I can see you’ll have to take quite a long trip if you want to see everything over here in the east, Jill! Glad I can add to your list 😀
Wow – such gorgeous shots!
It’s TOO easy (even for me) to take good shots when there’s scenery like THIS on offer, Ladyfi!
As everyone else said above, these are stunning photos of the scenic rim! I also very much enjoy your writing! It makes me laugh!
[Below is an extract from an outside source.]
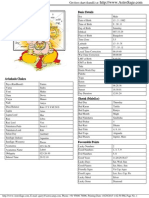 VedicReport10 29 20151 02 51PM PDF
The Scenic Rim is a stunning place, Rachel – so it’s easy to take good pics!!! So glad you enjoyed the blog post – thanx so much for the compliment 😀
Wow girl, these images are just stunning. I’ve visited a lot of the scenic rim but I sure don’t have any pics to match these! And you’ve shown some areas where I haven’t been so they’re now on the ‘list’. As always, enjoyed your narrative as much as the images! 🙂
Glad to provide some inspiration, Rose! I think the trick with visiting places like this is to get some information so you don’t miss anything REALLY good, then look around yourself at your own pace. Then SHARE! One of our main sources of info is the good old-fashioned map – it’s amazing how much of what we do we found by reading the map!! Thanx for dropping by – nice to ‘catch up’ again 😀
What can I say, “Beautifully written introduction, Red! “, again 🙂
Aww, Lake Moogerah – great pic! And the kookaburra… The ones in our zoo… so sad. Beautiful pic of Mt Barney Creek, too. Totally pale taken, I reckon.
The view from Mt French really looks European-like. Aka boring to me 😉 But really beautiful sunset shots!
Thank you Iris! I can’t imagine kookaburras in a zoo – their call would not have the same meaning! And the Mt French view MIGHT look European – but I’ll bet you don’t have those FAAAAAABULOUS Aussie bakeries to look forward to below 😀
These are naturally beautiful landscapes.
You’r right, Jane – they’re magnificent, but I’m not sure if I have done them justice!!
Thank you for another great excursion! The photos are fabulous and your “travelogue” really makes me feel like I’m there. Christie
Thank you Christie! I try to ‘channel’ whatever place I’m writing about and re-live the experiences. I’m glad it’s translated into how you read it! Maybe you’ll come to visit one day??
I’ve had many of my students study in Australia, so maybe I should come too, sometime. I think my husband would need a first class airline ticket though–he couldn’t take such a long plane ride in coach!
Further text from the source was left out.